Personal information
- Date of birth: July 2, 1998 (age 28)
- Place of birth: Des Plaines, United States
- Height: 1.98 m (6 ft 6 in)
- Positions: Utility player; forward; midfielder;

Team information
- Current team: Bohemians
- Number: 12

Youth career
- Illinois Wesleyan University

Senior career*
- Years: Team / Apps / (Gls)
- 2021: CD Herbania
- 2022: Villanueva CF
- 2022–2023: Athlone Town / 48 / (4)
- 2024–2025: Galway United / 63 / (9)
- 2026–: Bohemians / 24 / (4)

= Patrick Hickey (soccer) =

American soccer player

Patrick Hickey (born July 2, 1998) is an American professional soccer player who plays as a defender for League of Ireland Premier Division club Bohemians.

==Career==
===Early career===
Hickey played 4 years of high school soccer at St. Viator located in Arlington Heights, IL. Hickey played College soccer for his University side Illinois Wesleyan University, before working in sales and spending 6 months out of the game until he decided to leave his job and move to Spain to start his football career, signing for Spanish 5th division side CD Herbania, and then division rivals Villanueva CF shortly afterwards.

===Ireland===
Having completed his studies in Spain, he moved to Ireland and signed with Athlone Town in the League of Ireland First Division, whilst studying further at the Athlone Institute of Technology.
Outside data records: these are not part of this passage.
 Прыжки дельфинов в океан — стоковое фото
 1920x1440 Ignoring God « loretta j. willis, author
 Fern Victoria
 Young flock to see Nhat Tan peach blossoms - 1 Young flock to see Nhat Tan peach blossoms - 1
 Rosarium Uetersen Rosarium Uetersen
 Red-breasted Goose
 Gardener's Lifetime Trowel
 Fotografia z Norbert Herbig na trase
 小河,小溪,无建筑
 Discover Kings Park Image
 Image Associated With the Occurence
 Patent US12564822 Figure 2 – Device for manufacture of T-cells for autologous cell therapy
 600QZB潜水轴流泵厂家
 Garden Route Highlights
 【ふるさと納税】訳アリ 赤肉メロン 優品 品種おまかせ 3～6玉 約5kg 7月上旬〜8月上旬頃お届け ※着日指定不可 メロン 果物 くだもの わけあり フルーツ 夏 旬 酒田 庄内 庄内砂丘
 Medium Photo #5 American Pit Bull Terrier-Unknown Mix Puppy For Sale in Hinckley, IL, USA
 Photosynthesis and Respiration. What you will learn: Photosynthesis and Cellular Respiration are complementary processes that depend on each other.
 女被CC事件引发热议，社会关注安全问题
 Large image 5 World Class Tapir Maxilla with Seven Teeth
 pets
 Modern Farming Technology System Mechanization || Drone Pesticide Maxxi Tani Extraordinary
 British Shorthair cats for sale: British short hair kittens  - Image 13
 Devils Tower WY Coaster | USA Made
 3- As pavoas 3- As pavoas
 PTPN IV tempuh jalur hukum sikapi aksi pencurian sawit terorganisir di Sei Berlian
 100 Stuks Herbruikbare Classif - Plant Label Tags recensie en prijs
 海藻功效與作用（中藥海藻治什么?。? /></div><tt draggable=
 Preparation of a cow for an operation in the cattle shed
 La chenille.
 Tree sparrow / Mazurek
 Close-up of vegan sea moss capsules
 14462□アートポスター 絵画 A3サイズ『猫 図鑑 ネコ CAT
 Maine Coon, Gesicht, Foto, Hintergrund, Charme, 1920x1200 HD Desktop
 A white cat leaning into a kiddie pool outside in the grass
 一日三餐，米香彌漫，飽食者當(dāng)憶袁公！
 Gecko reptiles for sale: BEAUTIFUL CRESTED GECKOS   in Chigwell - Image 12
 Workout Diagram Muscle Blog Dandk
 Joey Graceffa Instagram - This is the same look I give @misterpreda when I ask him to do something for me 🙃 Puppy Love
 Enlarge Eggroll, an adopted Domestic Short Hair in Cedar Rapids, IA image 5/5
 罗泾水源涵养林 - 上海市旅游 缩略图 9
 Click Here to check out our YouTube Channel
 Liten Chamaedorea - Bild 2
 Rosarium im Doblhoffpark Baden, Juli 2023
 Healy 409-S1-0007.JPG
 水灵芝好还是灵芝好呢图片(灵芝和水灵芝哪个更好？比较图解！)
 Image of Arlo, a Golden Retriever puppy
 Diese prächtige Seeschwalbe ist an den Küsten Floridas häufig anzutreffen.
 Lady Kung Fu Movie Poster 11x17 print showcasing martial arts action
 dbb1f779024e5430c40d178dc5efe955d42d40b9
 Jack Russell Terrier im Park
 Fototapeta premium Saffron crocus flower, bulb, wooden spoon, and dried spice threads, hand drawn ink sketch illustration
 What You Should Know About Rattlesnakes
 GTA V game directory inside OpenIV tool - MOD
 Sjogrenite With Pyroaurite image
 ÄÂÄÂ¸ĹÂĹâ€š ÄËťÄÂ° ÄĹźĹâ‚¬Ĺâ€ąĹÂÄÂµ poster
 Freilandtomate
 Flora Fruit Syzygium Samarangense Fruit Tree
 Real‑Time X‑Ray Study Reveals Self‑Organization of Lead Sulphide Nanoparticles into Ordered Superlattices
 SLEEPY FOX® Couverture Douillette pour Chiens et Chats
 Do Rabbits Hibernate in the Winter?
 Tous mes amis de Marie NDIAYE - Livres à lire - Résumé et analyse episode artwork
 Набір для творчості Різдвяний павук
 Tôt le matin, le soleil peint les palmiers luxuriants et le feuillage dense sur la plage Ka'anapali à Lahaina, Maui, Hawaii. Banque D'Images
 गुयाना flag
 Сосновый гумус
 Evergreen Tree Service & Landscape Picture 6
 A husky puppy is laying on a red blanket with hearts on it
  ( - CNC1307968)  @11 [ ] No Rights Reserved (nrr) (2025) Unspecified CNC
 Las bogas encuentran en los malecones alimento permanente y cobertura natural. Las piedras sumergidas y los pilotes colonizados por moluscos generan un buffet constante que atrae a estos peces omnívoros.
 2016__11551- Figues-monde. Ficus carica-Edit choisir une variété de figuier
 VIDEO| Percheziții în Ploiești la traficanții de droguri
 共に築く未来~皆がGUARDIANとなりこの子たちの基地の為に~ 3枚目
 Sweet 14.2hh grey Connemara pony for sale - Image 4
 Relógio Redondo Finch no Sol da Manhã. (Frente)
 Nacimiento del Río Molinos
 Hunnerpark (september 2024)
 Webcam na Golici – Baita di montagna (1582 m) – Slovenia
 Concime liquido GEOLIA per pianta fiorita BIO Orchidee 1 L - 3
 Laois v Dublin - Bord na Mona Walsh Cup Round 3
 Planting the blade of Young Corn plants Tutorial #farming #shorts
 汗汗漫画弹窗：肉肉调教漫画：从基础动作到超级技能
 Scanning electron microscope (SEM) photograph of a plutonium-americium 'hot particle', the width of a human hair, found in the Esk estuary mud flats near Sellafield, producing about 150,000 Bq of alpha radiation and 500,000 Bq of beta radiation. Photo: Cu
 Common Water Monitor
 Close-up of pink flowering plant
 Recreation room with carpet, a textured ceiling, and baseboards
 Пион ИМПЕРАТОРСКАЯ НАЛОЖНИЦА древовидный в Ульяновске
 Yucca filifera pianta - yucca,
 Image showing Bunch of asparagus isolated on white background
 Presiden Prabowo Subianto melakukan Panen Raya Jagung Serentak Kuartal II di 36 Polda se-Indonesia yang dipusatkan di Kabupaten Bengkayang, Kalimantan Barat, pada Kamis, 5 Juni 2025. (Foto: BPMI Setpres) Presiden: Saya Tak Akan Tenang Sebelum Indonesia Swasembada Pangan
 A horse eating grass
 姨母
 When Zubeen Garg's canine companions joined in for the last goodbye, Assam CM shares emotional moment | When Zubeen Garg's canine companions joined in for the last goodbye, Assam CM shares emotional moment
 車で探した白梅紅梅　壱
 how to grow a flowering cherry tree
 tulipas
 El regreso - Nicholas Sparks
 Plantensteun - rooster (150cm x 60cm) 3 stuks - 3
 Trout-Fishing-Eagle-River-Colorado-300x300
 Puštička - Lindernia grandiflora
Hickey performed well during the 2023 season, racking up 37 appearances, with 2 goals and several assists

He signed for Galway United ahead of the 2024 season, having completed his studies at Athlone Institute of Technology. He was named League of Ireland Player of the Month for August 2024.

On November 22, 2025, it was announced that Hickey had signed for fellow League of Ireland Premier Division club Bohemians, on a multi-year contract. He was named League of Ireland Player of the Month for March 2026.